President Cyril Ramaphosa said that South Africa’s decision to launch a genocide case against Israel was a matter of human rights and the respect for international law.

'We will not be silenced': Ramaphosa defends SA's support for Palestine

President Cyril Ramaphosa addressed the Cape Town Press Club on 15 February 2024. Picture: X/PresidencyZA

CAPE TOWN - President Cyril Ramaphosa has once again defended South Africa’s support for Palestinians in Gaza, saying government was not being inconsistent in its foreign policy. 

He said the move to approach the International Court of Justice (ICJ) on genocide claims against Israel should also not be viewed as being against South Africa’s Jewish community. 

Speaking at the Cape Town Press Club on Thursday, Ramaphosa dispelled claims that government had congratulated Palestinian militant group Hamas for its 7 October attacks on Israel. 

However, he said that Israel’s retaliation on Palestinians in Gaza had been disproportionate. 

The president said that South Africa’s decision to launch a genocide case against Israel was a matter of human rights and the respect for international law. 
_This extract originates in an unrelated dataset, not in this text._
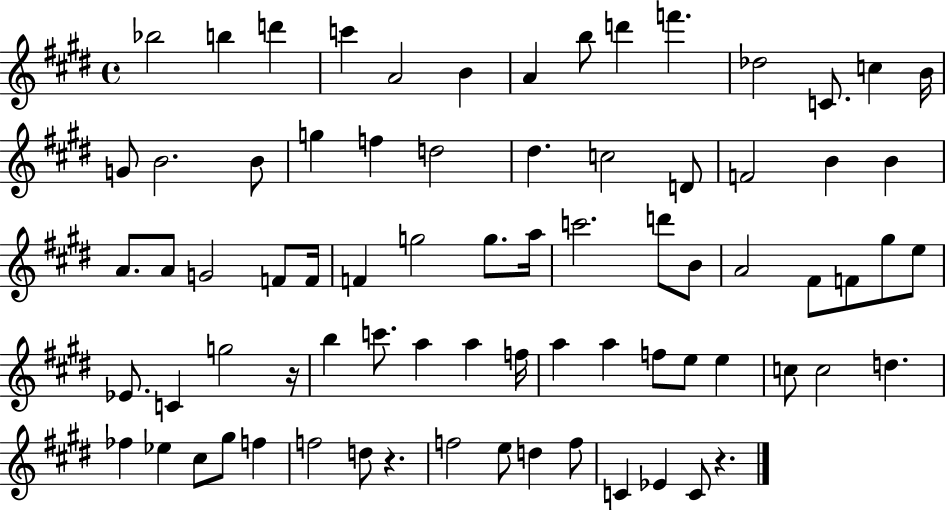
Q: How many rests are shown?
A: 3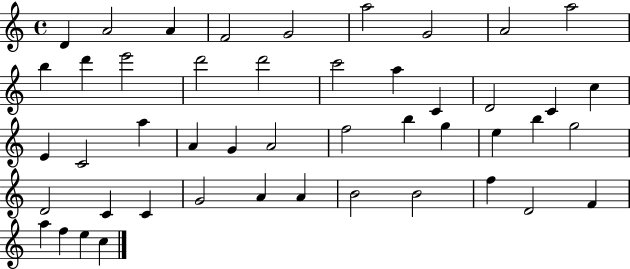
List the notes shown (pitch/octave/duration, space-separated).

On Tuesday, South Africa once again applied to the court to consider Israel’s military operation in Rafah - the last safe zone in Gaza.
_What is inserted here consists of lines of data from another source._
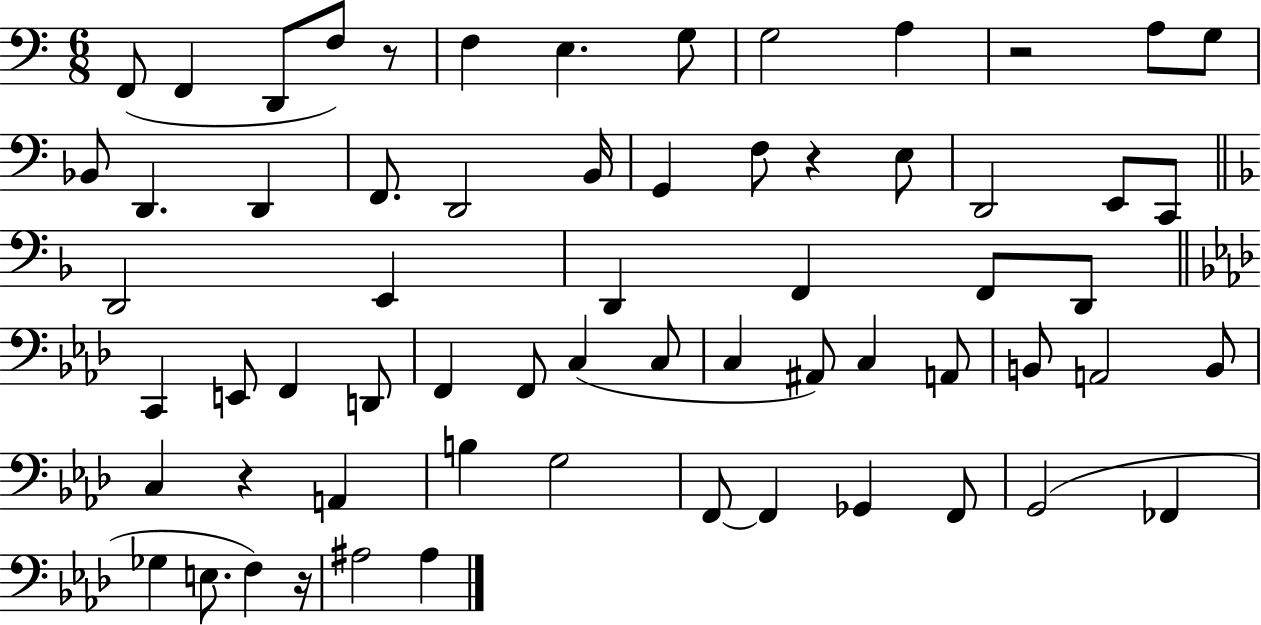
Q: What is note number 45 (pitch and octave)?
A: C3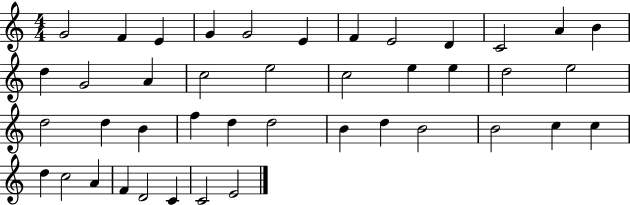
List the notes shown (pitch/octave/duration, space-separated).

G4/h F4/q E4/q G4/q G4/h E4/q F4/q E4/h D4/q C4/h A4/q B4/q D5/q G4/h A4/q C5/h E5/h C5/h E5/q E5/q D5/h E5/h D5/h D5/q B4/q F5/q D5/q D5/h B4/q D5/q B4/h B4/h C5/q C5/q D5/q C5/h A4/q F4/q D4/h C4/q C4/h E4/h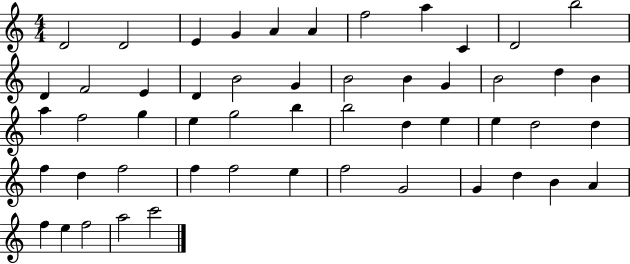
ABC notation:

X:1
T:Untitled
M:4/4
L:1/4
K:C
D2 D2 E G A A f2 a C D2 b2 D F2 E D B2 G B2 B G B2 d B a f2 g e g2 b b2 d e e d2 d f d f2 f f2 e f2 G2 G d B A f e f2 a2 c'2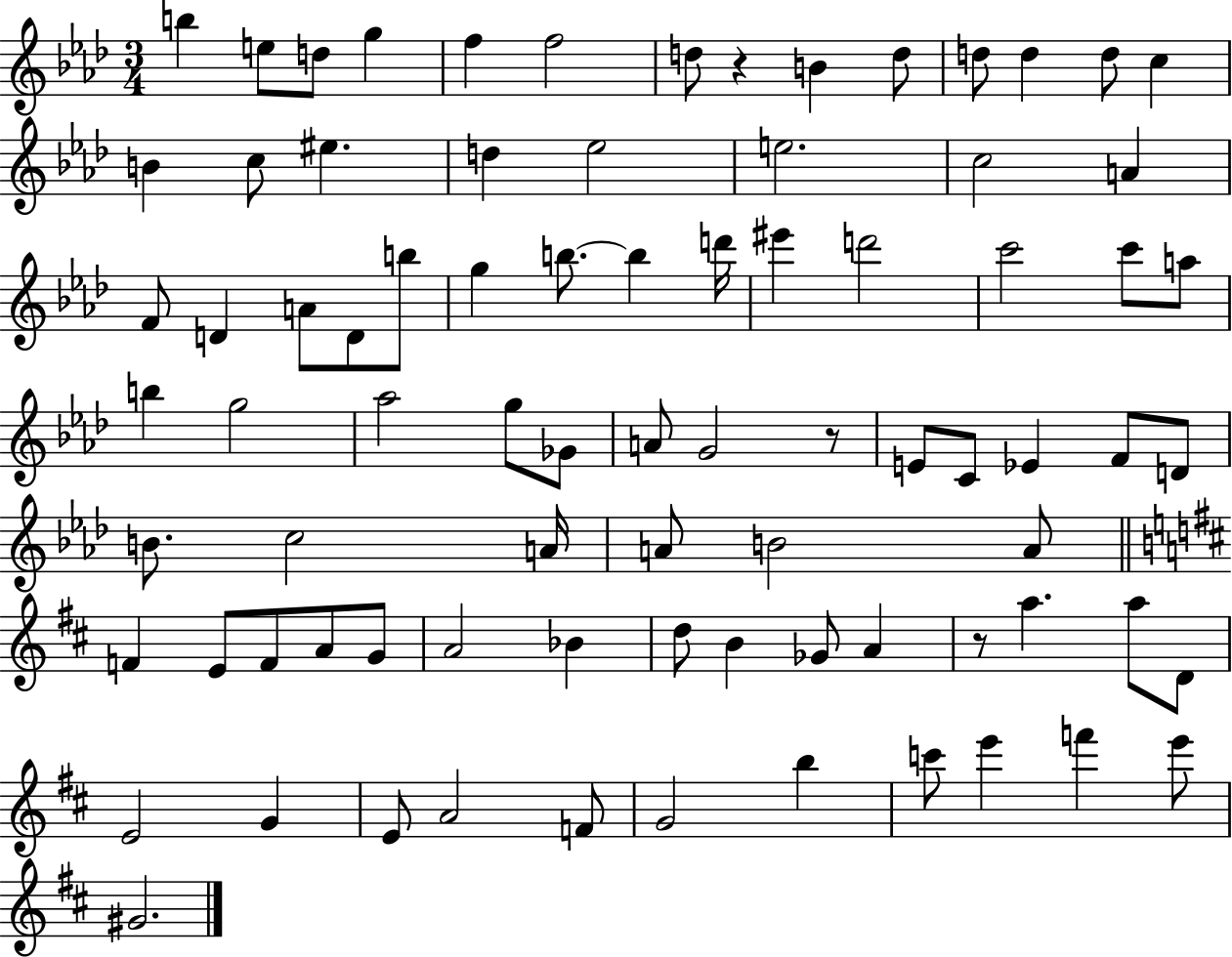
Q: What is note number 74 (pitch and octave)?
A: B5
Ramaphosa said that government was challenging the hypocrisy of nations who believed they could teach South Africa lessons on human rights. 
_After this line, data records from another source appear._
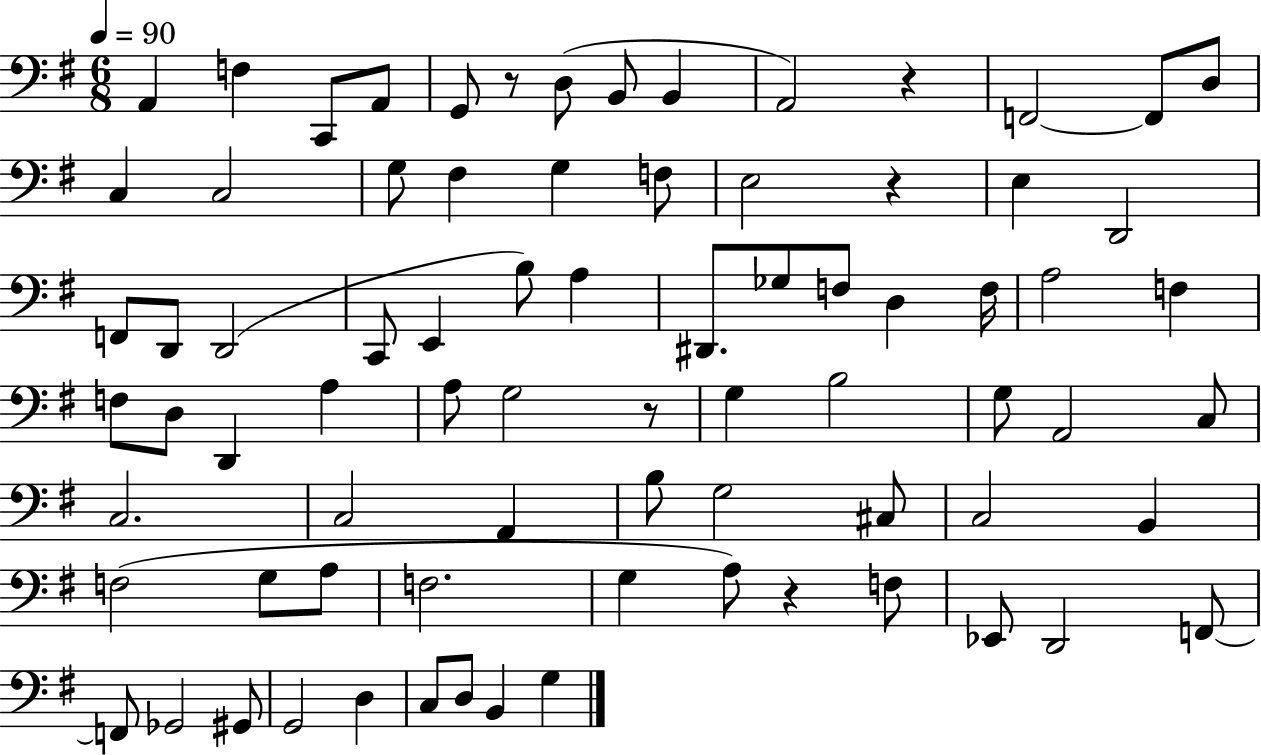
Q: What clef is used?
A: bass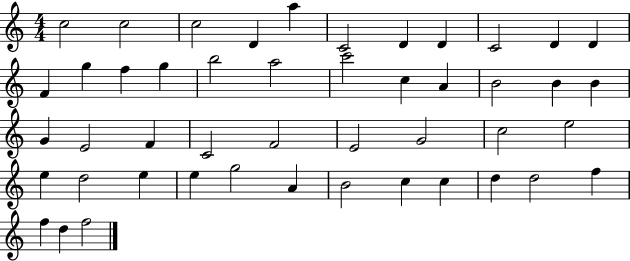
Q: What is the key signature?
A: C major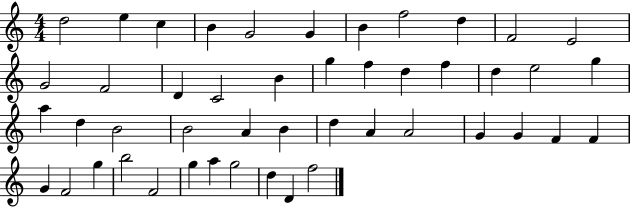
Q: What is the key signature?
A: C major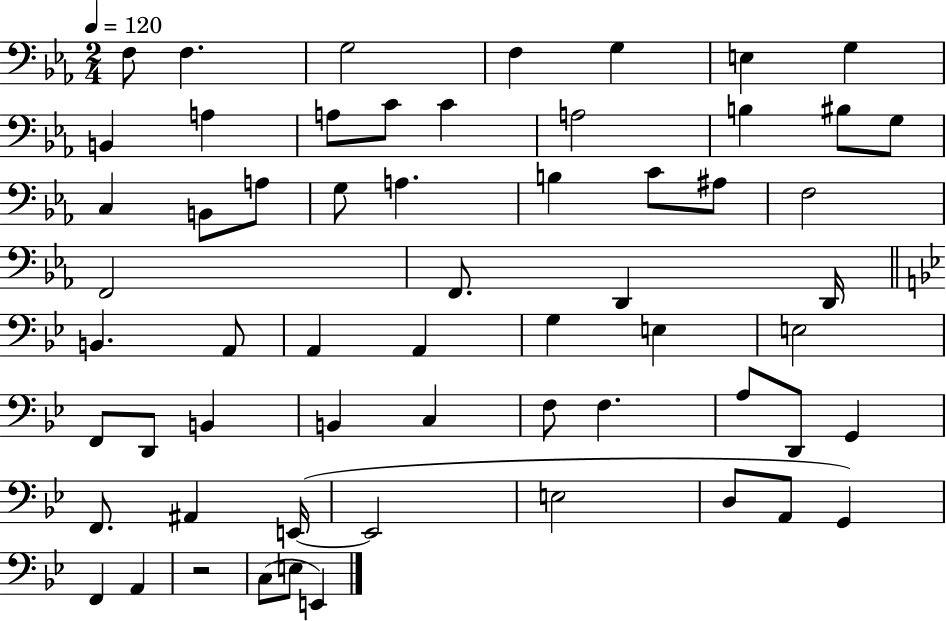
X:1
T:Untitled
M:2/4
L:1/4
K:Eb
F,/2 F, G,2 F, G, E, G, B,, A, A,/2 C/2 C A,2 B, ^B,/2 G,/2 C, B,,/2 A,/2 G,/2 A, B, C/2 ^A,/2 F,2 F,,2 F,,/2 D,, D,,/4 B,, A,,/2 A,, A,, G, E, E,2 F,,/2 D,,/2 B,, B,, C, F,/2 F, A,/2 D,,/2 G,, F,,/2 ^A,, E,,/4 E,,2 E,2 D,/2 A,,/2 G,, F,, A,, z2 C,/2 E,/2 E,,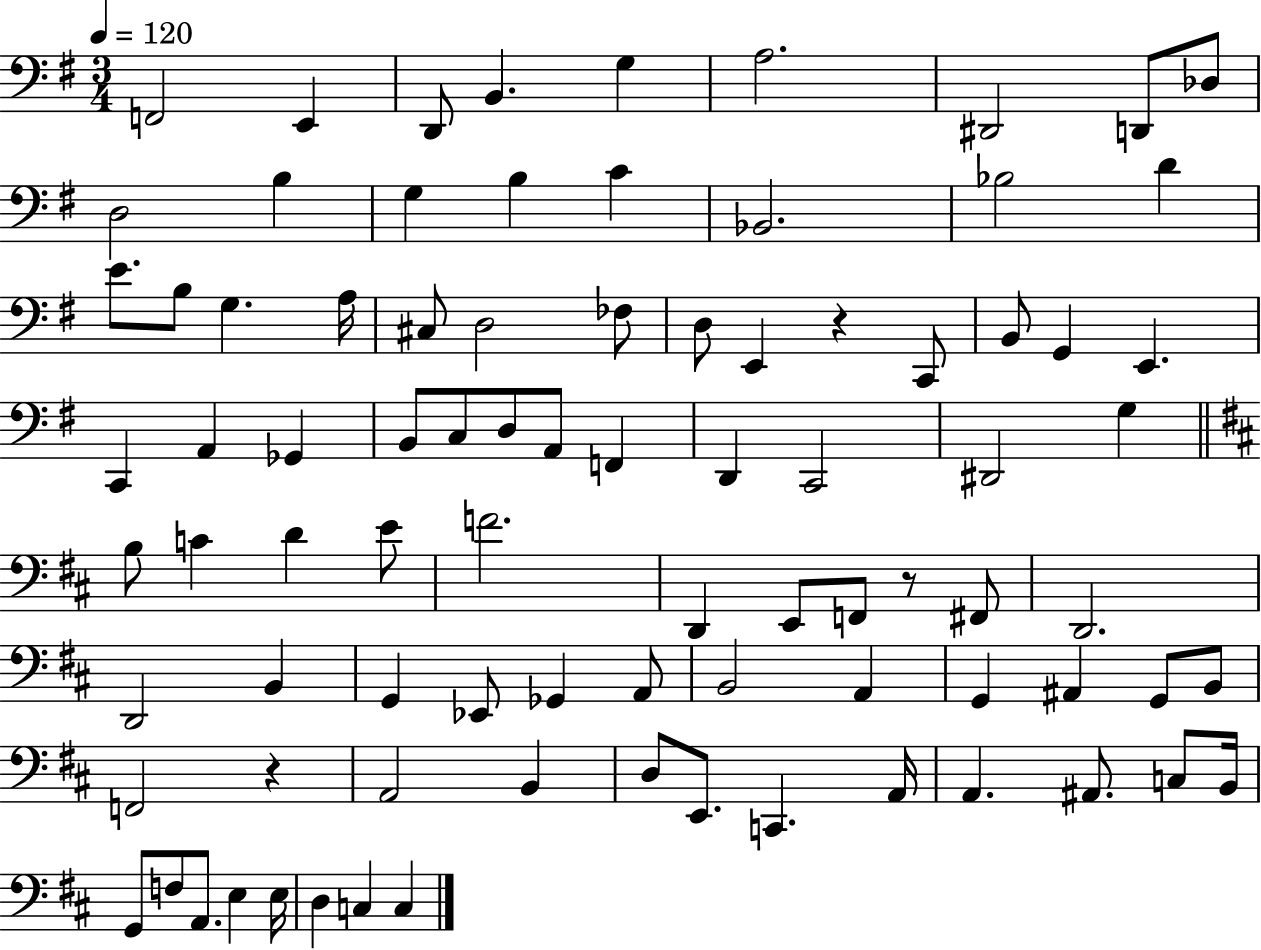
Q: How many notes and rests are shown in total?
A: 86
"Yes, we have a big mouth when it comes to issues of human rights and we will not be silenced. We will continue to use this big mouth that we have." 

Ramaphosa also responded to a Jewish Cape Town resident, who claimed the move makes South Africa complicit in a genocide against Jewish communities around the world. 

"When I met the Jewish Board of Deputies, I spoke out about any form of attack against South African Jews, any form of threatening or attack on their business, because in the end we are all South Africans." 

He said that South Africa would continue to speak out against oppression, discrimination and suffering wherever it occured.